⟨

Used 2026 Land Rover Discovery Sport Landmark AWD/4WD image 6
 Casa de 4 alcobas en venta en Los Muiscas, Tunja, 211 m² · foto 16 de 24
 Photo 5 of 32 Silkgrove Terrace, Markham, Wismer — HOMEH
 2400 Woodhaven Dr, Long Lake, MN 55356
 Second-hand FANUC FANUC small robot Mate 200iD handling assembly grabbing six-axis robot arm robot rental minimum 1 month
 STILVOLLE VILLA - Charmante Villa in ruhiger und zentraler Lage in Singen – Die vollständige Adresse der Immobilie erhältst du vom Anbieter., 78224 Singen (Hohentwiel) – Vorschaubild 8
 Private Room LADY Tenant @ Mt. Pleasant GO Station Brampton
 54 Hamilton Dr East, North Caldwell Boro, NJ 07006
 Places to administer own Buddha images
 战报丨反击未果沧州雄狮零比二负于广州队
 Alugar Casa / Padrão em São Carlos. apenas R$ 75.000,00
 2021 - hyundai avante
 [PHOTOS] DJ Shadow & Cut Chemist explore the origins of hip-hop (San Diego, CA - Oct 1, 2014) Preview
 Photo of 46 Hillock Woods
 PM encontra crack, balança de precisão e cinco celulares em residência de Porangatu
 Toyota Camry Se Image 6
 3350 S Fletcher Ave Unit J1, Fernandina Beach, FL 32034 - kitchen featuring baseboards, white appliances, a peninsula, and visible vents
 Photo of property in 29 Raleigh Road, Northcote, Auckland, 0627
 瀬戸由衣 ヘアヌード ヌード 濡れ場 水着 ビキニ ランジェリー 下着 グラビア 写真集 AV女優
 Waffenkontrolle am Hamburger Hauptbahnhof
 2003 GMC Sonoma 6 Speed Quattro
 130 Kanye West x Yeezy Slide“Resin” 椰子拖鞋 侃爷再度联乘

⟩

Count how many lines in the records above hold the word "Casa", and answer with that number alone.

2